Given 2 strings s and t. I need to find for each substring in s edit distance(Levenshtein distance) to t. Actually I need to know for each i position in s what is the minimum edit distance for all substrings started at position i.

For example:

t = "ab"    
s = "sdabcb"

And I need to get something like:

{2,1,0,2,2}

Explanation:

1st position:
distance("ab", "sd") = 4 ( 2*subst )
distance("ab", "sda") = 3( 2*delete + insert )
distance("ab", "sdab") = 2 ( 2 * delete)
distance("ab", "sdabc") = 3 ( 3 * delete)
distance("ab", "sdabcb") = 4 ( 4 * delete)
So, minimum is 2

2nd position:
distance("ab", "da") = 2 (delete + insert)
distance("ab", "dab") = 1 (delete)
distance("ab", "dabc") = 2 (2*delete)
....
So, minimum is 1

3th position:
distance("ab", "ab") = 0
...
minimum is 0

and so on.

I can use brute force algorithm to solve this task, of course.

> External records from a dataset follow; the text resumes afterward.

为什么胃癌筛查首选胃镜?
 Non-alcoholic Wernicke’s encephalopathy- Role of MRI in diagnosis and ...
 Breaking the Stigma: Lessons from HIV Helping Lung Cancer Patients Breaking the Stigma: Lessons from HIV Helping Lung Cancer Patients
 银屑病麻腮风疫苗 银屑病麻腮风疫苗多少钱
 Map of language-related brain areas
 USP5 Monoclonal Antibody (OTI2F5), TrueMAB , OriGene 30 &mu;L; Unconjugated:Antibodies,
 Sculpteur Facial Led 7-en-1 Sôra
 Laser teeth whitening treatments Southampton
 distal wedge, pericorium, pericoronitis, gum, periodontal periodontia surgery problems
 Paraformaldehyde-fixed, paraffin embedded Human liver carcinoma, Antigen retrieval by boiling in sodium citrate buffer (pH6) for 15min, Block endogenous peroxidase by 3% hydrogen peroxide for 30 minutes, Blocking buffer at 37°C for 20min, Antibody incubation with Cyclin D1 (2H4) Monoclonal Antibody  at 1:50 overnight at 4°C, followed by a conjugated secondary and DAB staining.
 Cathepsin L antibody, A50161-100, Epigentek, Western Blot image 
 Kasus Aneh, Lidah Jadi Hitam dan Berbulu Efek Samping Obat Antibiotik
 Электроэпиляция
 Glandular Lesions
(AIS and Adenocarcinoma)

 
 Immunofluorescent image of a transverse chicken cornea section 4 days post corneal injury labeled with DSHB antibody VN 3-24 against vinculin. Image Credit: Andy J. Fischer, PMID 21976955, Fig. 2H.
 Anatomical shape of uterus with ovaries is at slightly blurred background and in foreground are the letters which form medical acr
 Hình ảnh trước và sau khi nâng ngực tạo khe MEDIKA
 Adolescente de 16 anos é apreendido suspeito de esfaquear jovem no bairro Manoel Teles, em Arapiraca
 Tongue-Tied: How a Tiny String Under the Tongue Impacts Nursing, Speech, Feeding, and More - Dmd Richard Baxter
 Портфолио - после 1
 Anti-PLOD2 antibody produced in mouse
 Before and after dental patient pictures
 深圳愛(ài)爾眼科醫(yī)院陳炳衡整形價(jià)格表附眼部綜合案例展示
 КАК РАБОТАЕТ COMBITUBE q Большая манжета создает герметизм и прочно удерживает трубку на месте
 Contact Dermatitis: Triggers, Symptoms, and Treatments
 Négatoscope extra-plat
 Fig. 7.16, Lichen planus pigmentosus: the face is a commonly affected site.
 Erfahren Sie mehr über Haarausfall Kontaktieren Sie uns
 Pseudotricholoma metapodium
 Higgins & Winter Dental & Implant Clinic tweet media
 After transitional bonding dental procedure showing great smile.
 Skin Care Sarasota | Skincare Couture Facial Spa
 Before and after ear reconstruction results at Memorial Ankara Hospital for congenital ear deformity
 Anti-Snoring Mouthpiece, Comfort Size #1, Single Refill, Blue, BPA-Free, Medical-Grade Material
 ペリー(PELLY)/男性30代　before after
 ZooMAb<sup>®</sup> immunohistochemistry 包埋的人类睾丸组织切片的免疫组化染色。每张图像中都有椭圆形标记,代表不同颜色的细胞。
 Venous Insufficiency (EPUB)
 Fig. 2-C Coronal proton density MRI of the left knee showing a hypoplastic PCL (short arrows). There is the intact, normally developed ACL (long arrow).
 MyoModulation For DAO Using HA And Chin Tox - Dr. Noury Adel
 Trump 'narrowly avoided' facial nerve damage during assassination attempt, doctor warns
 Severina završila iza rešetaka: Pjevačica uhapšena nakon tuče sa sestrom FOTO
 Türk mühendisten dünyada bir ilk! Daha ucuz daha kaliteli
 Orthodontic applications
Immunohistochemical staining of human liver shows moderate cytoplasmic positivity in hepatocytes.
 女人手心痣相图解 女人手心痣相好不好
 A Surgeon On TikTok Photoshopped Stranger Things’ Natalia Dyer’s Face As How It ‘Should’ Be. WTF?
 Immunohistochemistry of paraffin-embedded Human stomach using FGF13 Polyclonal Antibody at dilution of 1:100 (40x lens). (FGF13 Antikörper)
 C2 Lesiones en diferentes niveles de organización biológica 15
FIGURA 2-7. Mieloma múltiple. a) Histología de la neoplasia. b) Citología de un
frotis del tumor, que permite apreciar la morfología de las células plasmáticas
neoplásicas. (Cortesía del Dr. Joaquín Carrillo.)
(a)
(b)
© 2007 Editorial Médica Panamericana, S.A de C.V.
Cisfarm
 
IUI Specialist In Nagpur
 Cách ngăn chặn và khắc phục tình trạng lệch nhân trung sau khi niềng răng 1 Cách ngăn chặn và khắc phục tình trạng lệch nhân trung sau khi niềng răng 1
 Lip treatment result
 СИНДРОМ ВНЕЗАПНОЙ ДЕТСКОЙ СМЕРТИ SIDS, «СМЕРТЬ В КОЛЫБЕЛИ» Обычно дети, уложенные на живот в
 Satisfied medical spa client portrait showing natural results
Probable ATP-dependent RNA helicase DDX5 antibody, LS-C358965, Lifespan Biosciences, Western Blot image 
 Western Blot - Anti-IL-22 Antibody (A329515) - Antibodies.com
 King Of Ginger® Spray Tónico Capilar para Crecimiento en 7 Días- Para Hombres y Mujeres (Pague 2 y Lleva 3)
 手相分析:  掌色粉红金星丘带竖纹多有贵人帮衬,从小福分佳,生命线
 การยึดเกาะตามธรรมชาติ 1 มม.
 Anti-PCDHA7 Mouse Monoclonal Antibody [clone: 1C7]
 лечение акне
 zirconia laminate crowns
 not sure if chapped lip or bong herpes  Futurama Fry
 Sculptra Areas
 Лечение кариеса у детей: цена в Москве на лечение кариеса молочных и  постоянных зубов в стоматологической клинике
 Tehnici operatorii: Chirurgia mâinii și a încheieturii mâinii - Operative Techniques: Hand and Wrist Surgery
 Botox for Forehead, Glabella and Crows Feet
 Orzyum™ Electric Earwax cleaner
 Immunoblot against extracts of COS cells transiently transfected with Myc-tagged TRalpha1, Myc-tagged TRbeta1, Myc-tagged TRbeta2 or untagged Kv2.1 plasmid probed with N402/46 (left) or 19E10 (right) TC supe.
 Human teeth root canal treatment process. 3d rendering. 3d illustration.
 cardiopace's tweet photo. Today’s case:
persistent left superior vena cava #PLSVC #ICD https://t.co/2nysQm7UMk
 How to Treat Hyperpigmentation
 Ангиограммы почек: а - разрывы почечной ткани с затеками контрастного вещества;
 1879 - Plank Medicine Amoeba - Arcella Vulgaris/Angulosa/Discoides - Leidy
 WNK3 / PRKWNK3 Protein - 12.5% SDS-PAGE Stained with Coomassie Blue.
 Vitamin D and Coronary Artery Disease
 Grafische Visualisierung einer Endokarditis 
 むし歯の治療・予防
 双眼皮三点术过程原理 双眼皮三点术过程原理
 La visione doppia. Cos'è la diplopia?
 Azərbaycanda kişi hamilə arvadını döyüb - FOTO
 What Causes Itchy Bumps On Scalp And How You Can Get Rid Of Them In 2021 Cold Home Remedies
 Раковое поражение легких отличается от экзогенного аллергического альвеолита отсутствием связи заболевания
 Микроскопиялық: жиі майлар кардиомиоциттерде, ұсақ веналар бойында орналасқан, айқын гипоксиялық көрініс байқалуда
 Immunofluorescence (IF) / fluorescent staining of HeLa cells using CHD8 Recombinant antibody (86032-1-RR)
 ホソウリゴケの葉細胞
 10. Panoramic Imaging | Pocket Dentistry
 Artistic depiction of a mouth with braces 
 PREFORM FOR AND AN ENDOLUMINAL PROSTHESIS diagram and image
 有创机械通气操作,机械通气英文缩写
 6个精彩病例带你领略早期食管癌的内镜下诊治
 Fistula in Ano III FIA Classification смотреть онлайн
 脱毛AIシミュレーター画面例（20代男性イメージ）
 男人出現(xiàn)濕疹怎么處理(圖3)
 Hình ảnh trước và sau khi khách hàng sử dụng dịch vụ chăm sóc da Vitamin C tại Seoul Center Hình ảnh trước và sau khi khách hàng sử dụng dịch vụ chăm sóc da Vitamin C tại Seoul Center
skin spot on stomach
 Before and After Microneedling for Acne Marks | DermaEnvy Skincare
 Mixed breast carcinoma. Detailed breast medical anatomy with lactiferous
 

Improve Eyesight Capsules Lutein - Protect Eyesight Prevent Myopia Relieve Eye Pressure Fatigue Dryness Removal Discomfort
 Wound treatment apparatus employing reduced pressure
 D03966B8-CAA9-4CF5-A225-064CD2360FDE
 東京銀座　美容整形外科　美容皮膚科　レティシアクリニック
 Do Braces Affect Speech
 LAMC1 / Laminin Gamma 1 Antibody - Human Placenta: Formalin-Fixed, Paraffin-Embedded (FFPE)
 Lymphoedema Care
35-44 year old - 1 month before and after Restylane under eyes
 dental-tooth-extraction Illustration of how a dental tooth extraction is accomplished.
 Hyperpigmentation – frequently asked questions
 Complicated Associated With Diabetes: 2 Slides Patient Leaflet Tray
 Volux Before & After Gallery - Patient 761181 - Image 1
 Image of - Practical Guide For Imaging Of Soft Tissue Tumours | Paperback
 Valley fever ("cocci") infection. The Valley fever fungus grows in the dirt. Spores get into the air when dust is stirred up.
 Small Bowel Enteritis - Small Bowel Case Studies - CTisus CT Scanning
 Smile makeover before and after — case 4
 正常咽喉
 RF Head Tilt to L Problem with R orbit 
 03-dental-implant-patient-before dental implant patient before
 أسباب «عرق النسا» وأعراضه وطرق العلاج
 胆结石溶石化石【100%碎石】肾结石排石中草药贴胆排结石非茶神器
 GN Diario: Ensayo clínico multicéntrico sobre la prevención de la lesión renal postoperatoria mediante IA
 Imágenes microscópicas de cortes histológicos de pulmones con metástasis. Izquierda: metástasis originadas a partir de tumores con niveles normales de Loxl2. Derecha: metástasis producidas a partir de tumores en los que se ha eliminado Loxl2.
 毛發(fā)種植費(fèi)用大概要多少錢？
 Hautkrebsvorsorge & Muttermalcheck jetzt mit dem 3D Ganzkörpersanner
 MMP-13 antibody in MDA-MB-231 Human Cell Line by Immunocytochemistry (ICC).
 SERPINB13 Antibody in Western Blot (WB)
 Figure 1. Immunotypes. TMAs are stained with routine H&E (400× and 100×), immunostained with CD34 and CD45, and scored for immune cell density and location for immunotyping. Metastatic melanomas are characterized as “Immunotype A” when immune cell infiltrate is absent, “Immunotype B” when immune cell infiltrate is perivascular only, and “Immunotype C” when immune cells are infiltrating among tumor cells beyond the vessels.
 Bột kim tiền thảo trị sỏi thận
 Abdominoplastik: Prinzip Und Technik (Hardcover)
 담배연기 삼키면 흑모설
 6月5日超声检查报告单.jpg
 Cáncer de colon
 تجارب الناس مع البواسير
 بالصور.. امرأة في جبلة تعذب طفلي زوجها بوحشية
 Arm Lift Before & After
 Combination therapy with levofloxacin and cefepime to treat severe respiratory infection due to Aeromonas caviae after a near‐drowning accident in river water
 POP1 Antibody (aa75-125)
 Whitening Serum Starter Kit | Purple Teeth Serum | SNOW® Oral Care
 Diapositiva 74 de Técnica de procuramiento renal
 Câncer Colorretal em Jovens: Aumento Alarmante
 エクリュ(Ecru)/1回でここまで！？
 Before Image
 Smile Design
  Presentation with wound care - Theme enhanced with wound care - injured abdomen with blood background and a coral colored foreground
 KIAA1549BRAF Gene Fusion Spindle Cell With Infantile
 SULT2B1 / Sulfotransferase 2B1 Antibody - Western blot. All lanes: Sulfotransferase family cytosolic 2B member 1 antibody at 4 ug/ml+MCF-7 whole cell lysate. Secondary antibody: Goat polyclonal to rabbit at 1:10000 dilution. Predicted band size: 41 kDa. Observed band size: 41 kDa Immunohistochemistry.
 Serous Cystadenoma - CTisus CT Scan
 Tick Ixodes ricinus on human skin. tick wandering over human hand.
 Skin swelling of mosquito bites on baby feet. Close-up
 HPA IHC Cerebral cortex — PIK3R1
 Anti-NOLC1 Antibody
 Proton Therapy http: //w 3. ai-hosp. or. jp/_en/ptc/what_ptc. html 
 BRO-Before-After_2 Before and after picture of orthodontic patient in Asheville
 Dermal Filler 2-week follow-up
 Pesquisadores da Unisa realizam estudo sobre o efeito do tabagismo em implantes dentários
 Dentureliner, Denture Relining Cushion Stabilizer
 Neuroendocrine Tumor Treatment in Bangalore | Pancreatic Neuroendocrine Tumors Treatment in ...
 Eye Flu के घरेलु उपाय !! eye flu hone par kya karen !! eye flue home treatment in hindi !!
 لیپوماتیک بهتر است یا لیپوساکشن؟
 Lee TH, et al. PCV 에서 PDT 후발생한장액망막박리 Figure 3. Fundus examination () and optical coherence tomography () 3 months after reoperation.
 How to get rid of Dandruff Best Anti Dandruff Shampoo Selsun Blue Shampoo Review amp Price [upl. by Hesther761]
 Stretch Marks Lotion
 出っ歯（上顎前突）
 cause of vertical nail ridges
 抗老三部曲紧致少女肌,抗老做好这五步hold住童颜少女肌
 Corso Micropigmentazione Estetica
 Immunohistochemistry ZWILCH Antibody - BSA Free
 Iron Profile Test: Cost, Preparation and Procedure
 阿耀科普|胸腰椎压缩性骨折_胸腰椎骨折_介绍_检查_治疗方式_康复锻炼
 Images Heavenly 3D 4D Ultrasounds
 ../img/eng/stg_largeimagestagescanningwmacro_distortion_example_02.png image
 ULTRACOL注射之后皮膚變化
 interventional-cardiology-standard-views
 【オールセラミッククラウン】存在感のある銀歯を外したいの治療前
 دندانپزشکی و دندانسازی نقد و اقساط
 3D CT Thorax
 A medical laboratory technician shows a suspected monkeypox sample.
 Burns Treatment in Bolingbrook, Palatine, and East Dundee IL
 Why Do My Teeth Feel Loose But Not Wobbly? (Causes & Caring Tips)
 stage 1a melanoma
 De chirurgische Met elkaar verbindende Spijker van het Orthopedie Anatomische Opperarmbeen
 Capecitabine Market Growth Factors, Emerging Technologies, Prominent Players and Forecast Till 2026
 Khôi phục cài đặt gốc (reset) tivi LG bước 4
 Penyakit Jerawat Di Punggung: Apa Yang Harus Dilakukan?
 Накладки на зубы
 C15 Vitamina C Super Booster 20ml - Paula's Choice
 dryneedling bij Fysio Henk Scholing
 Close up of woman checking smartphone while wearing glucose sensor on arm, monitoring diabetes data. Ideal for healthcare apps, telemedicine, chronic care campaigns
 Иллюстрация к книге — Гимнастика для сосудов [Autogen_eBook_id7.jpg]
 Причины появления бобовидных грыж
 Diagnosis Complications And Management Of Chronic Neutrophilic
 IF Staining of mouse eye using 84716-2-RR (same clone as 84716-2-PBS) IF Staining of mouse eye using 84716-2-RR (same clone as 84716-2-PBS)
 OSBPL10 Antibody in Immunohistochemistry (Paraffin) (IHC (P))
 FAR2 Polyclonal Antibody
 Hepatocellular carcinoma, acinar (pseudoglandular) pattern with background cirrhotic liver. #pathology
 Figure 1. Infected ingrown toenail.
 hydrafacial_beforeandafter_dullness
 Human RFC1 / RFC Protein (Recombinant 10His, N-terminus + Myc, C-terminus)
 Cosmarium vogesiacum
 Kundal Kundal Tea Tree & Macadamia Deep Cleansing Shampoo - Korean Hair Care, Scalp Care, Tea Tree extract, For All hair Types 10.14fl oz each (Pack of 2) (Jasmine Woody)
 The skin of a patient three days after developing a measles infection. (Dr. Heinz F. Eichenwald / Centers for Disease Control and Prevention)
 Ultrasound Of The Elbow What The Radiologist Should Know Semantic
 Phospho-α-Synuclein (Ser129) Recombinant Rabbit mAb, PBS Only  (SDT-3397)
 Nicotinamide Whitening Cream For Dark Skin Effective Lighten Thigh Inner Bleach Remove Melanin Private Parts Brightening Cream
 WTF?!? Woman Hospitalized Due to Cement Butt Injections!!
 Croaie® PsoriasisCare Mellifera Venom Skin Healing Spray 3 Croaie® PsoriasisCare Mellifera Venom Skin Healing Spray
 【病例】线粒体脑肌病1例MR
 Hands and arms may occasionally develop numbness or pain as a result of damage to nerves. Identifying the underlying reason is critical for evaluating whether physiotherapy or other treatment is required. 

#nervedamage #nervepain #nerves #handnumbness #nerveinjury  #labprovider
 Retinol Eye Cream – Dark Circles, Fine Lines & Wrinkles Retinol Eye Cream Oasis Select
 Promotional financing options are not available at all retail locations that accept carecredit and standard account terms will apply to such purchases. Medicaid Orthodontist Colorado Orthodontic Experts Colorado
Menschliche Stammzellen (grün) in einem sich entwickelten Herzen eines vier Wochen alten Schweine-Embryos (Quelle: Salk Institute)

But is there faster algorithm?

Thanks for help.

Answer 1

The Wagner-Fischer algorithm gives you the answer for all prefixes "for free".

http://en.wikipedia.org/wiki/Wagner%E2%80%93Fischer_algorithm

The last row of the Wagner-Fischer matrix contains the edit distance from each prefix of s to t.

So as a first crack at your problem, for each i, run Wagner-Fischer and select the smallest element in the last row.

I will be curious to see if anyone else knows (or can find) a better approach.

Answer 2

To find substrings in a given string is very easy. You take the normal Levenshtein algorithm and modify it slightly.

FIRST: Instead of filling the first row of the matrix with 0,1,2,3,4,5,... you fill it entirely with zeros. (green rectangle)

SECOND: Then you run the algorithm.

THIRD: Instead of returning the last cell of the last row you search for the smallest value in the last row and return it. (red rectangle)

Example: needle: "aba", haystack: "c abba c" --> result = 1 (converting abba -> aba)

I tested it and it works.

This is much faster than your suggestion of stepping character by character through the string as you do in your question. You only create the matrix once.